▸ **Data**
_ _ _ _ _ _ _

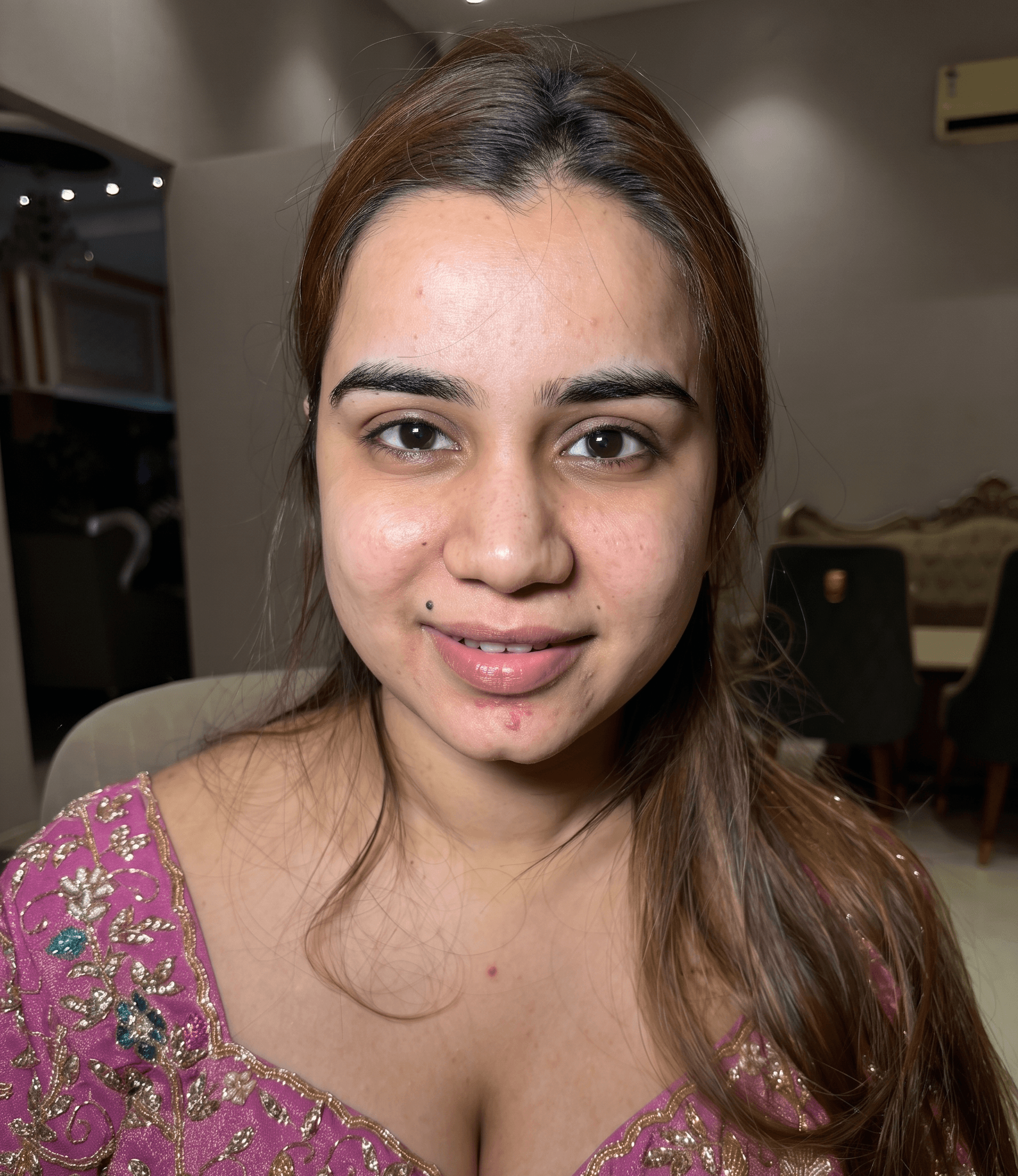 Before and After Makeup Before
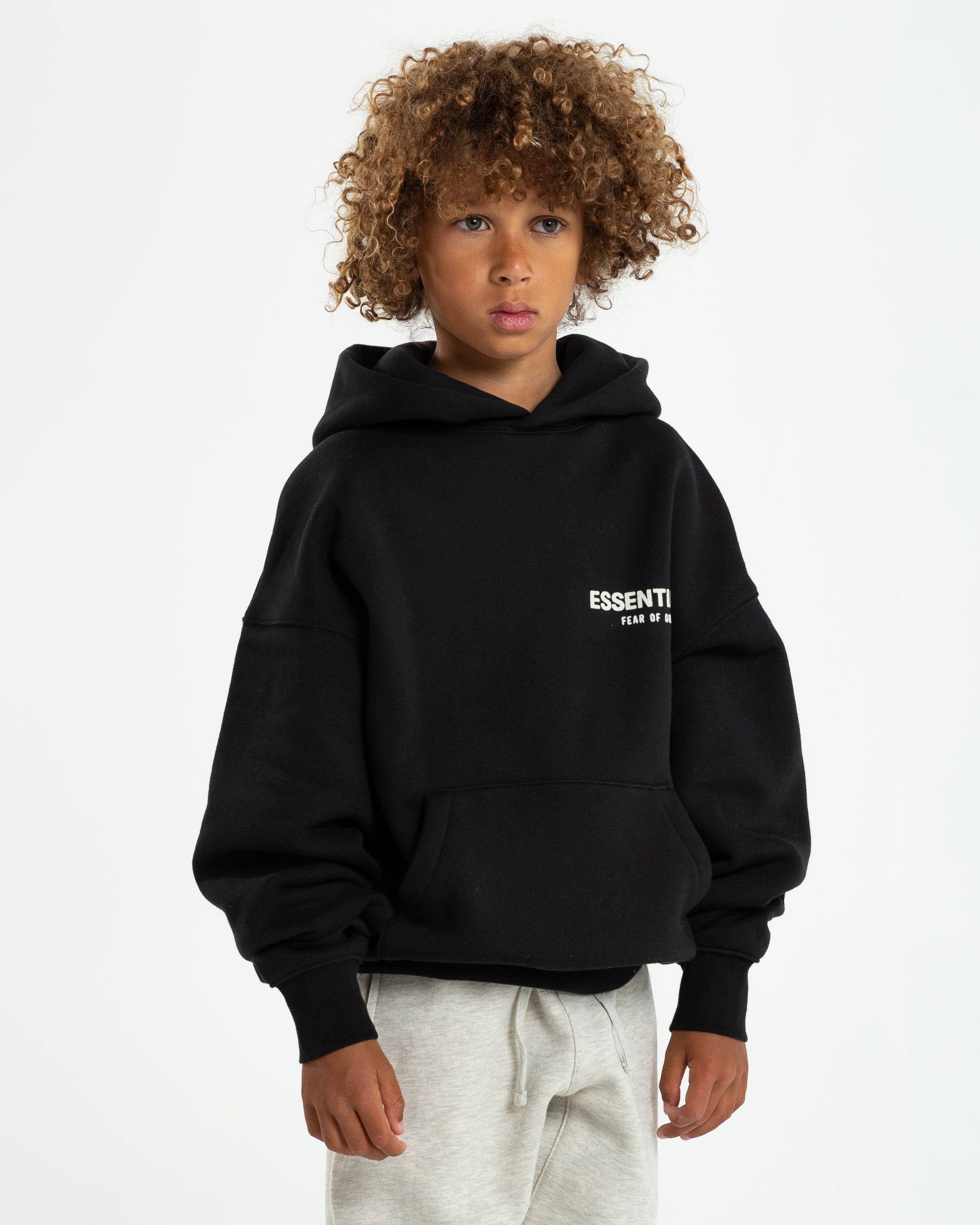 Kids' Core Collection Hoodie in Black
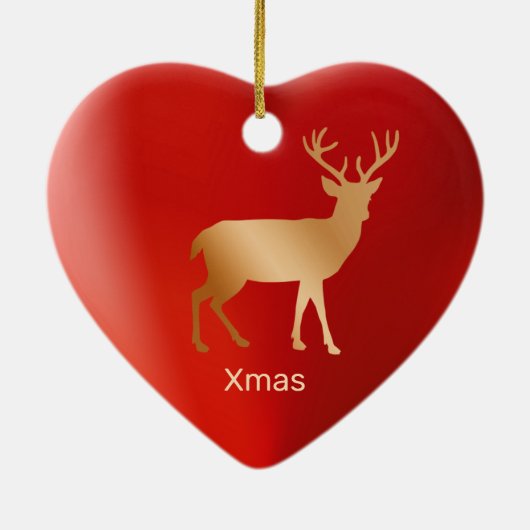 Goudrendieren en kalligrafie keramisch ornament (Achterkant)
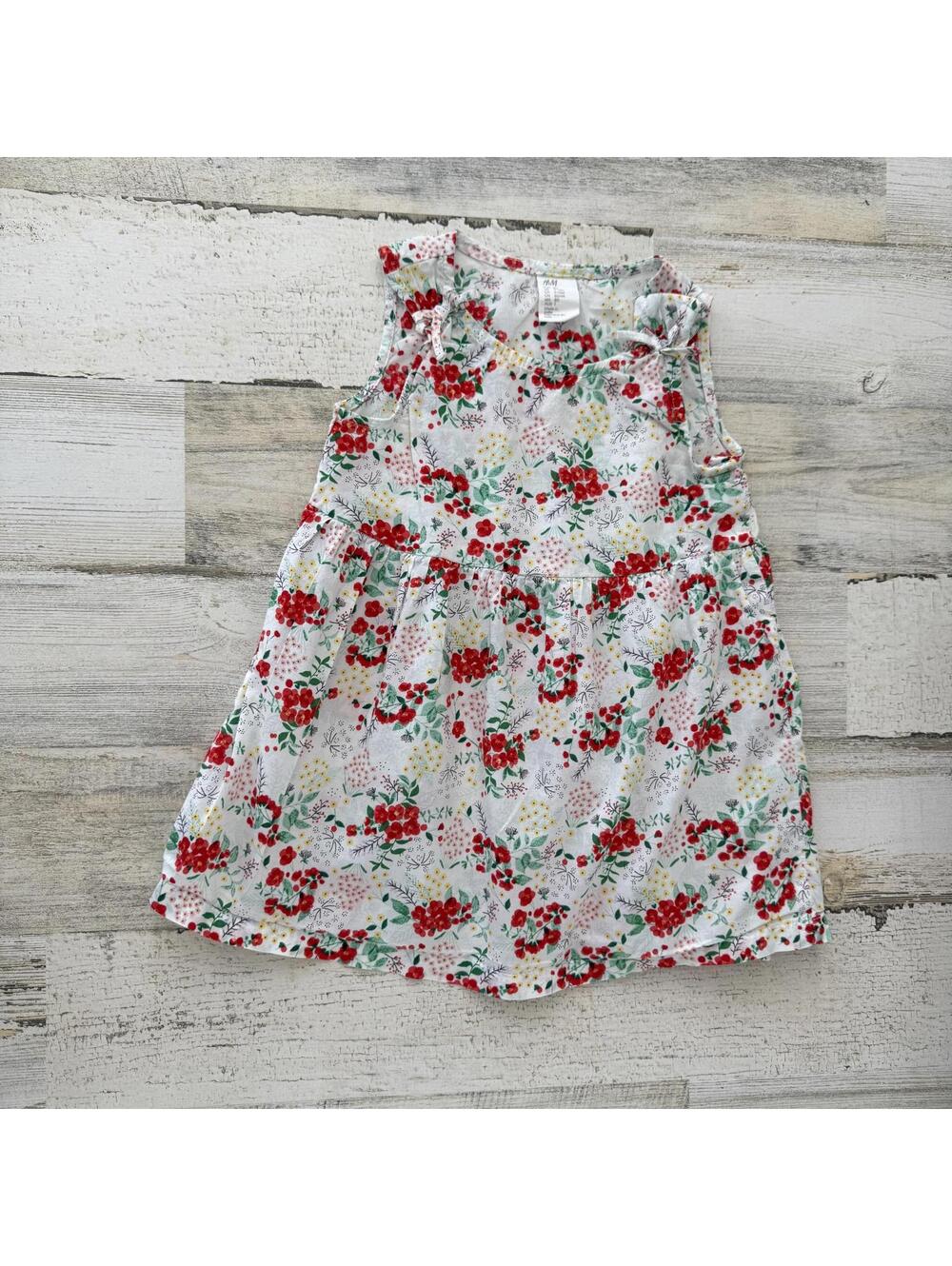 H&M Baby 9-12 Months Floral Lightweight Dress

_ _ _ _ _ _ _

▸ **Goal of the exercise**
Only the lines from the one containing "Goudrendieren en kalligrafie" through the last line of the data above, both included, belong in the reply, each restated exactly and without pictures.

▸ **Response**
 Goudrendieren en kalligrafie keramisch ornament (Achterkant)
 H&M Baby 9-12 Months Floral Lightweight Dress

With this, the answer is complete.